EXERCISE DIRECTIONS | Since only part of the material below is wanted, output exactly the lines from the one with "Additional image 13 of 25 Howard Avenue" up to and including the one with "Fabric Glamorous Pair".

RECORDS TO PROCESS below:

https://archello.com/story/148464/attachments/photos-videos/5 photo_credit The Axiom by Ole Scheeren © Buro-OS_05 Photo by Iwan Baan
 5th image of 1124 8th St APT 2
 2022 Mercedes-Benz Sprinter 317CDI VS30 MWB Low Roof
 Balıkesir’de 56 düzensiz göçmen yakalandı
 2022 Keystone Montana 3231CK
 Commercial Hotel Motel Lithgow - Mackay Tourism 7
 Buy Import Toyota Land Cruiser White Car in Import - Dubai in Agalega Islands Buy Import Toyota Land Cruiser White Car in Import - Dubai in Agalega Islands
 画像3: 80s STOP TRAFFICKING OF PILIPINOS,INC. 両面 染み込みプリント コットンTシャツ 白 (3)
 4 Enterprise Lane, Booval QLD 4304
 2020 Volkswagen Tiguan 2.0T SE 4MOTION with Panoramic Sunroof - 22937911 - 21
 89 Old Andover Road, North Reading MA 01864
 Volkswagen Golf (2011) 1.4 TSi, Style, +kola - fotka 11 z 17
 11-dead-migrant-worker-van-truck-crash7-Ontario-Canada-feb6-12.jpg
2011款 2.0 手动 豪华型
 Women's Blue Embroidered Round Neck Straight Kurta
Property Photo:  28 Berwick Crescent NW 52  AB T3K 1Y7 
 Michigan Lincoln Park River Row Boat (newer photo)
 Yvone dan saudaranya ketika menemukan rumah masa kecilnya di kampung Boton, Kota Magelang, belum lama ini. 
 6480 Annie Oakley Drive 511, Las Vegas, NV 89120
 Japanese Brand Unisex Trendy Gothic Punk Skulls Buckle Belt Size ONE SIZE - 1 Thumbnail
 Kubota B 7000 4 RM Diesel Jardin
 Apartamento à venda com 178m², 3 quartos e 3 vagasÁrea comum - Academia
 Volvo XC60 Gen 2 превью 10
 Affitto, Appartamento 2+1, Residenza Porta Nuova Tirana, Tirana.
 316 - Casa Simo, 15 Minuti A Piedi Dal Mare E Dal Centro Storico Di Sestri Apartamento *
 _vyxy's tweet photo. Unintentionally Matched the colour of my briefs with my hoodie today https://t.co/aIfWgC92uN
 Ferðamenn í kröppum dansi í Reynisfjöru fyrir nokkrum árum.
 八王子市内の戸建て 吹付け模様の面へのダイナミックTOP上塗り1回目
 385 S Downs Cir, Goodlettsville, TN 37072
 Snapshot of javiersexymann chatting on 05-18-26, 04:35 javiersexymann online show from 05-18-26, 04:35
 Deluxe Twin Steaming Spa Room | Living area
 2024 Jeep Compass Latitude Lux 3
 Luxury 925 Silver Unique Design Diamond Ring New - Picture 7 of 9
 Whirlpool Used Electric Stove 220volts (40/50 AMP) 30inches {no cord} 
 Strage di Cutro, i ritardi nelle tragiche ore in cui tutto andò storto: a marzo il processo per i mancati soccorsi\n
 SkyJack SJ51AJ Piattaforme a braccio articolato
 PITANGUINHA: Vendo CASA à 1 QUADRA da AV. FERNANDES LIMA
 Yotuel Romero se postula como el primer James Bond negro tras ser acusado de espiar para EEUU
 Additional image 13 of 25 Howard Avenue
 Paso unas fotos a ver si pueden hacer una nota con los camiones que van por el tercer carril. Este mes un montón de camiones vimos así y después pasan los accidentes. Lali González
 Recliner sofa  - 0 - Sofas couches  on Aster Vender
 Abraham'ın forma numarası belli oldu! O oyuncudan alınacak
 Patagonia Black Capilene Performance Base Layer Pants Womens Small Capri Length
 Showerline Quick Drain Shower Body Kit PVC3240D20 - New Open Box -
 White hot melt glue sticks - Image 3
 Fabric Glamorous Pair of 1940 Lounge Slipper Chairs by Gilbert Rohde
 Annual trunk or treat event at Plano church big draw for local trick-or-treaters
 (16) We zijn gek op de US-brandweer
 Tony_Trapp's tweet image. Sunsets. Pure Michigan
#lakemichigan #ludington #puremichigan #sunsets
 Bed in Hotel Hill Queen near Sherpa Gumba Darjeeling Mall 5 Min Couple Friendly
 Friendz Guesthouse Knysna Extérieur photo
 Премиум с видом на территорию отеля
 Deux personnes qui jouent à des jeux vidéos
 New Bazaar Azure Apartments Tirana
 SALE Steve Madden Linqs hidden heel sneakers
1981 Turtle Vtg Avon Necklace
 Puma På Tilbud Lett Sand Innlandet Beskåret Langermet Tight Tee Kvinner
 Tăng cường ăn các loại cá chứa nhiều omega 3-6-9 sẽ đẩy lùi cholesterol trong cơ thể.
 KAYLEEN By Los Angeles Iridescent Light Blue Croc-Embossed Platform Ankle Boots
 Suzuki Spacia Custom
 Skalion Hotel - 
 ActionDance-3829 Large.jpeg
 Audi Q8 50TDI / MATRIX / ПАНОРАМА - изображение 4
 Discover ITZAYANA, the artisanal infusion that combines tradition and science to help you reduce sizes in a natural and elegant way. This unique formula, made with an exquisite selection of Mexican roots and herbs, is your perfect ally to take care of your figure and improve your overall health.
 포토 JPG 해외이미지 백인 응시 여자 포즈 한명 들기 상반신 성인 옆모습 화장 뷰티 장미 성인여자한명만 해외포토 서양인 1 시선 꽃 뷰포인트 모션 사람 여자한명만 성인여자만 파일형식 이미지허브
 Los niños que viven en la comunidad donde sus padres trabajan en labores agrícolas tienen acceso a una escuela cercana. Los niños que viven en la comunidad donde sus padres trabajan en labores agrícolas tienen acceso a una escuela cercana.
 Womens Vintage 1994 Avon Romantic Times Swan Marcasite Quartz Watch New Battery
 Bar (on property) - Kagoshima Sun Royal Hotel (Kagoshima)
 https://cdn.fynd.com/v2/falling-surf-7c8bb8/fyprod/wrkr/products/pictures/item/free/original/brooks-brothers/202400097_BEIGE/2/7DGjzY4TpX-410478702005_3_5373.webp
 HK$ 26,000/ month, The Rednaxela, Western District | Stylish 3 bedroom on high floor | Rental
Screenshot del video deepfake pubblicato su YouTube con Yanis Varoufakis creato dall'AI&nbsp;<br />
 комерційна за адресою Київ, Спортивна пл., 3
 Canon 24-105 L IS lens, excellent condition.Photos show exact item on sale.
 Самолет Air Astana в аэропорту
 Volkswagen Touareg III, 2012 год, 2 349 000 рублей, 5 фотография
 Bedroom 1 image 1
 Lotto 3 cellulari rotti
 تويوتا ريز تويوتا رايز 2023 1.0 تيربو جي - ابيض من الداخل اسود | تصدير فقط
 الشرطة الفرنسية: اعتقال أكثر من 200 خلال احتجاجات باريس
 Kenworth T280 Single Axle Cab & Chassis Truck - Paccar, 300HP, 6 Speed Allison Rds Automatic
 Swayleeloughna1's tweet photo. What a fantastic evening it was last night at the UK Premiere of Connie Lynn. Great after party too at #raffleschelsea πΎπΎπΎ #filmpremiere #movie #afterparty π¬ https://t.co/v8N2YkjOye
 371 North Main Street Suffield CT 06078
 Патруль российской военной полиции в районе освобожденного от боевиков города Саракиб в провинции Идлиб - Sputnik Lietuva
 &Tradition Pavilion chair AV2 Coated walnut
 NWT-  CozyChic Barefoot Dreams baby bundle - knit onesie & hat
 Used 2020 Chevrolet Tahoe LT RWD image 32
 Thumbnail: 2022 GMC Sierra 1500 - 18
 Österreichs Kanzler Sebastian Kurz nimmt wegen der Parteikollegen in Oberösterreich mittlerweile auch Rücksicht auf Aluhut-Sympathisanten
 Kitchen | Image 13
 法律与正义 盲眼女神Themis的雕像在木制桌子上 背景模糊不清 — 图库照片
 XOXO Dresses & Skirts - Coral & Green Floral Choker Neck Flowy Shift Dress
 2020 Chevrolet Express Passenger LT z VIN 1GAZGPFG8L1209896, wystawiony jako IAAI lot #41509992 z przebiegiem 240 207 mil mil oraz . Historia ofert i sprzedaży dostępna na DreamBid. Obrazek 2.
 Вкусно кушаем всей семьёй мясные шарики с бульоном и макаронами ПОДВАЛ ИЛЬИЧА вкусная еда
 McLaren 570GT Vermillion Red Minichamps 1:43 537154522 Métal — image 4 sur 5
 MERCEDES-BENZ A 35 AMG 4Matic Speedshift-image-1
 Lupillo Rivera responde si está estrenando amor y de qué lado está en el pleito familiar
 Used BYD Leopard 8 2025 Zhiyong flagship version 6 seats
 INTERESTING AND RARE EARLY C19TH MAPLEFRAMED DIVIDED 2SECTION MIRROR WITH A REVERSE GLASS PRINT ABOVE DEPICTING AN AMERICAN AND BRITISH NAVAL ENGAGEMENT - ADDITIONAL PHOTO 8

End of RECORDS TO PROCESS.

WORKED SOLUTION |
 Additional image 13 of 25 Howard Avenue
 Paso unas fotos a ver si pueden hacer una nota con los camiones que van por el tercer carril. Este mes un montón de camiones vimos así y después pasan los accidentes. Lali González
 Recliner sofa  - 0 - Sofas couches  on Aster Vender
 Abraham'ın forma numarası belli oldu! O oyuncudan alınacak
 Patagonia Black Capilene Performance Base Layer Pants Womens Small Capri Length
 Showerline Quick Drain Shower Body Kit PVC3240D20 - New Open Box -
 White hot melt glue sticks - Image 3
 Fabric Glamorous Pair of 1940 Lounge Slipper Chairs by Gilbert Rohde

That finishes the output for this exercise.